As we drove the safari we came upon this cool waterfall that spilled out and flooded over the road we had to drive through.
Staring at this waterfall I thought it looked like chocolate milk and I envisioned large Oreo cookies bobbing in the water below it. (These are the type of thoughts I usually never tell anyone about, and for good reason.)
Strange plant and bug.
As I was heading back to the vehicle I spotted this plant with a colorful bug on it. I set my camera to macro and got in really close to capture a good picture. (1 inch or so) That's when our guide leaned over and said pointing to what I was shooting "That is poisonous."
I wasn't sure if he meant the plant or the bug, but that was all I needed to hear and skidaddled.
I would have liked to get a better picture of a Zebra but this was the best I could do. Shooting pictures with several pro photographers means they get the best angles, and for good reason I suppose.
During the safari I did manage to see a Monkey, Wild Boar, Flamingo, Ostrich, Giraffe, Rhino, Water Buffalo, Impala, Gazelle, Millions of Butterflies, and even a Lion sleeping in a tree.
So why am I not posting pictures of these animals? Well the fore mentioned shutter bugs all got great pictures of most of these because they had sniper quality lens, and my point in shoot is good for textures and up close like the lethal plant I shot, but not so hot on the zoom.
Seriously though, how many times have you seen a good photo of a Zebra butt? Bet you didn't realize all the stripes pointed to the pooper did you? See, it's educational.
Traffic in Nakuru.
Whether you're in Nairobi or in this case Nakuru, traffic is absolutely chaotic.
Lets put it this way, if you owned a company that painted road lines you'd go out of business fast. No one cares about lanes, right of way, or paint jobs for that matter.
Come to think of it I don't think I ever saw a speed limit sign the whole time there?
My travel hat.
I've worn this hat all around the world now. Took it with me when I went to Israel and Jordon and now it's been to Kenya as well.
When we were leaving and heading back to Nairobi we stopped to get something to drink. I was in the passenger seat and a street vendor was trying to sell me some home burned CD's of African pop music. (I'm a sucker for African pop and bought two) That's when a younger street urchin walked up to our vehicle reached in through the window and nabbed my hat sitting on the dash board and took off running.

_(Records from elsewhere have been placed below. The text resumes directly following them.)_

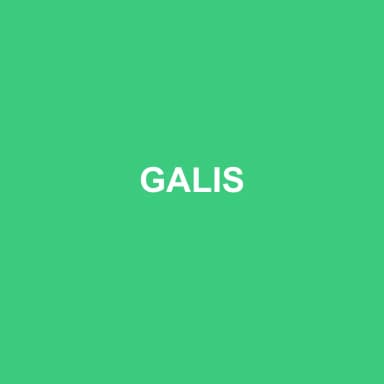 Logo de GALIS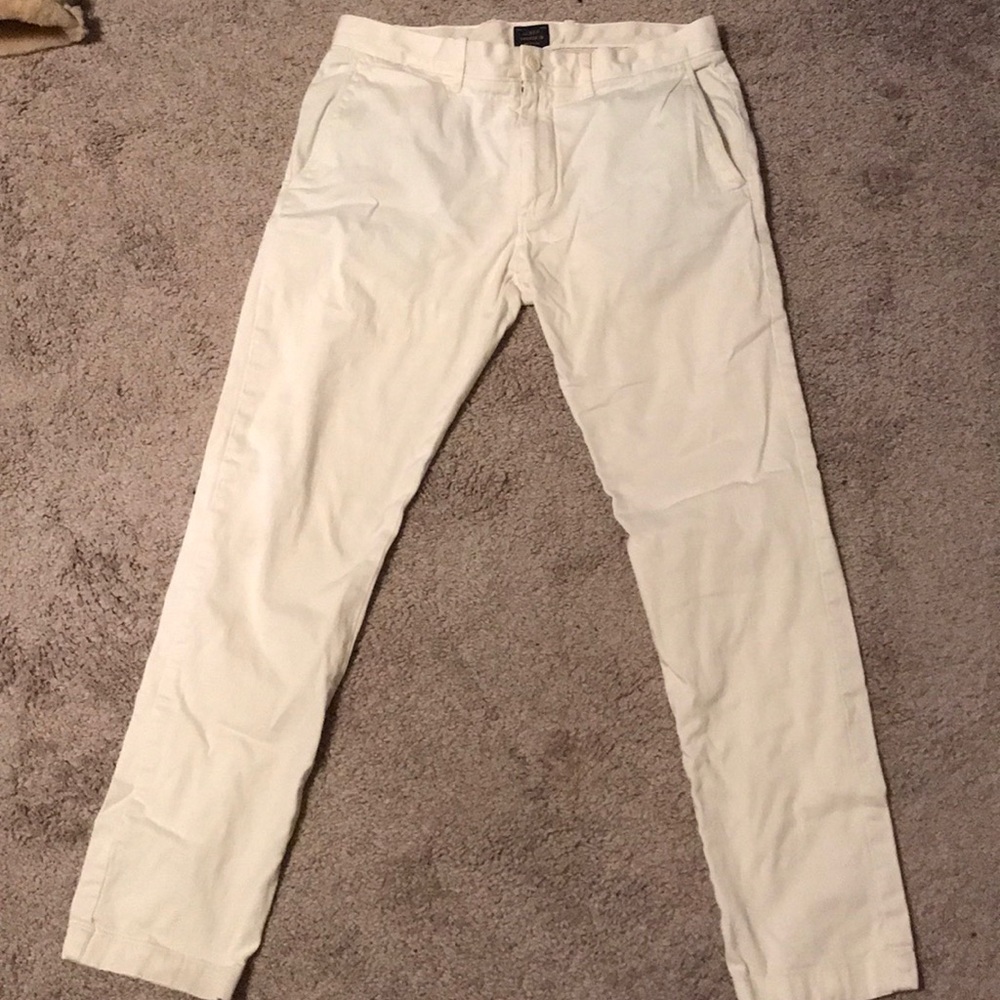 J.Crew 484 Broken In Chinos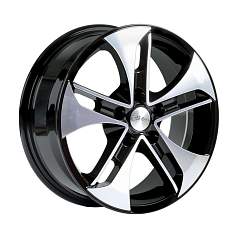 Диск R16 5x114,3 6,5J ET40 D66,1 Скад Венеция алмаз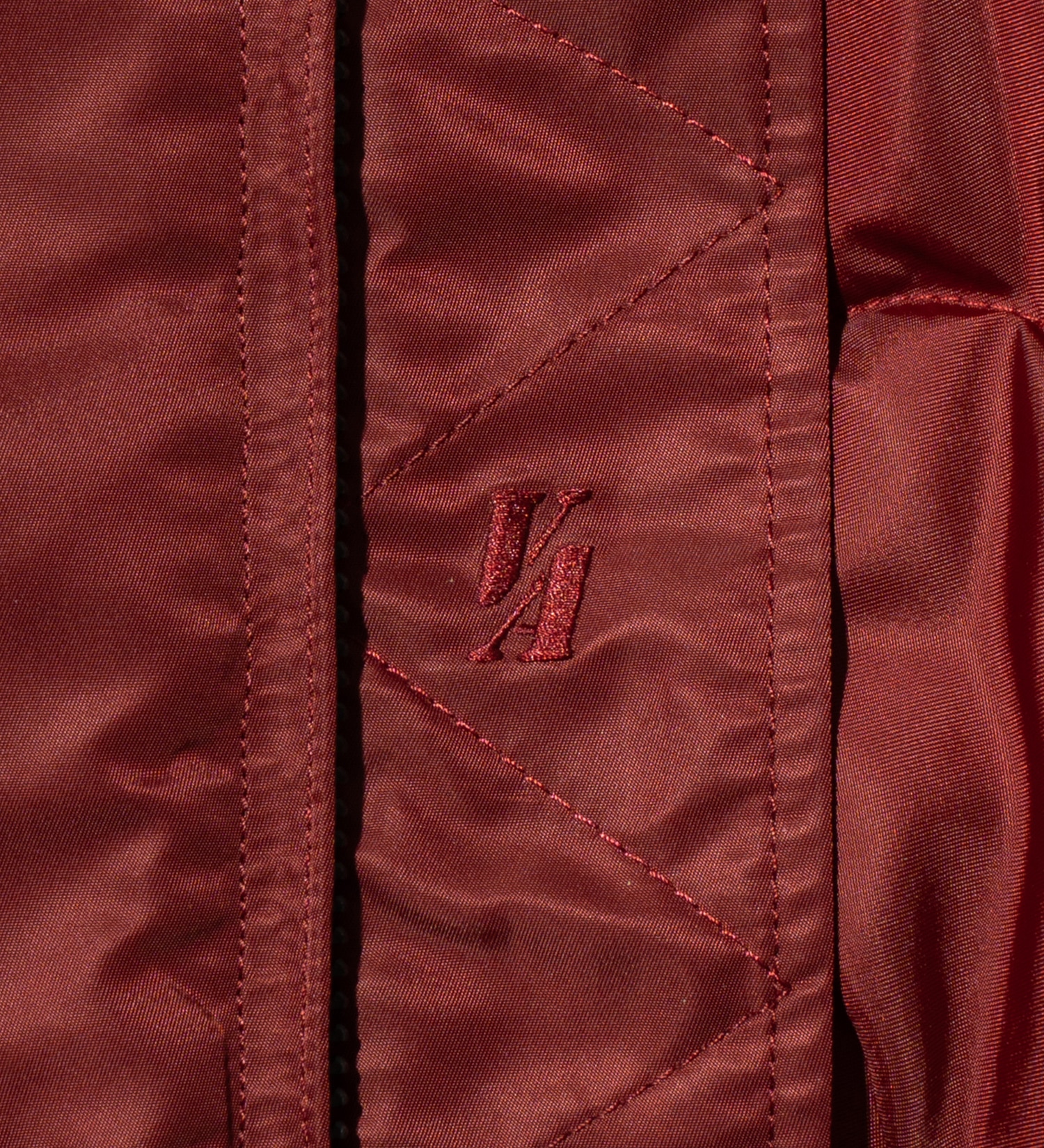 VALLEY APPAREL(バレー アパレル)の【予約P】CWU-45/P フライトナイロンジャケット|ジャケット/アウター/ミリタリージャケット/メンズ|レンガ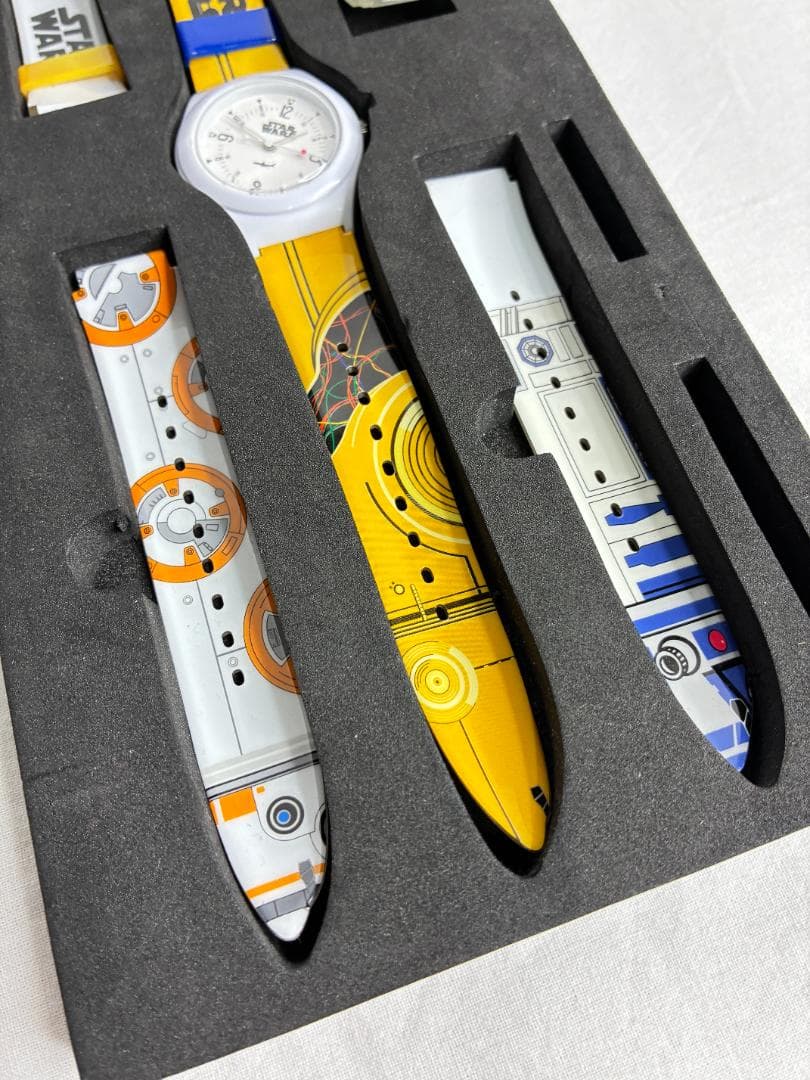 ⭐︎ ANA　スターウォーズ ⭐︎プリペイドカード、ウォッチセット 非売品　レア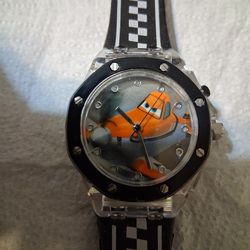 DISNEY PIXAR CARS WATCH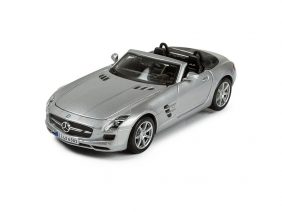 Автомобиль Mercedes-Benz SLS AMG (Maisto)-фото1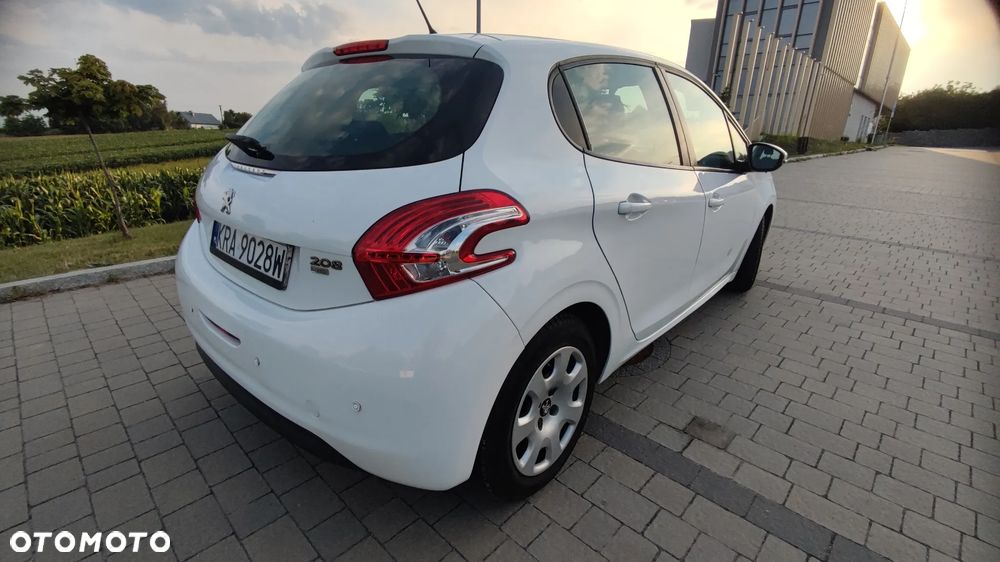 Peugeot 208 1.6 e-HDi Active STT - 4
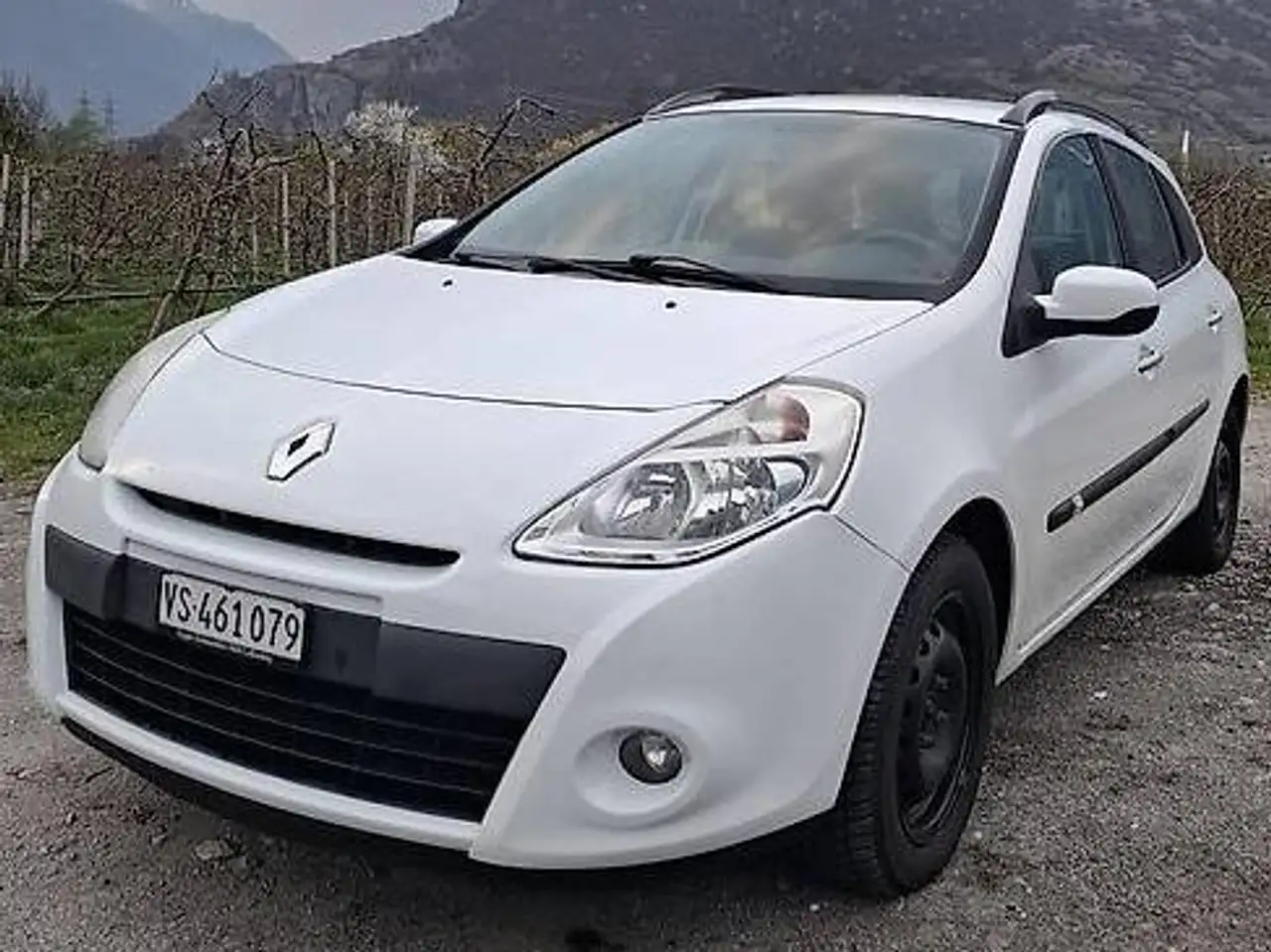 Renault Clio Estate III Tce 100 eco2 Expression Clim 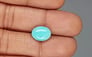Arizona Turquoise - 3.40 Carat Prime Quality TQS-13726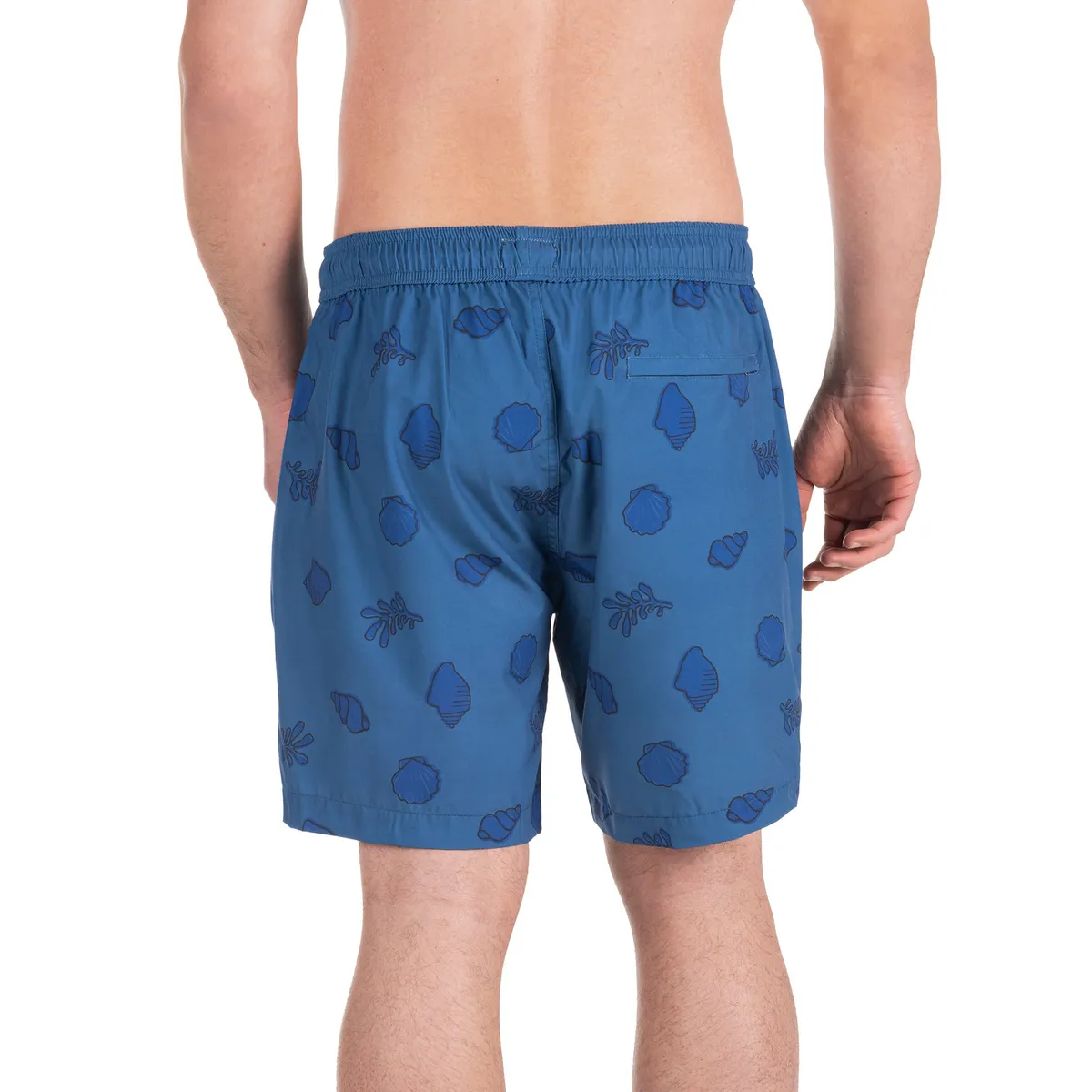 PANAMA JACK - Traje de Baño Hombre Casual Azul Panama Jack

I was too tired to respond. I just kind of shrugged my shoulders and thought "I guess he needs it more than I do." But our driver within seconds, put the car in park, set the emergency brake and exited the vehicle in a blur.
All of a sudden I felt like I was watching an African episode of Cops. He caught the kid, hog tied him, retrieved my hat and the whole van applauded. (OK, he didn't hog tie him, that was writers embellishment)
It was an entertaining way to end the day.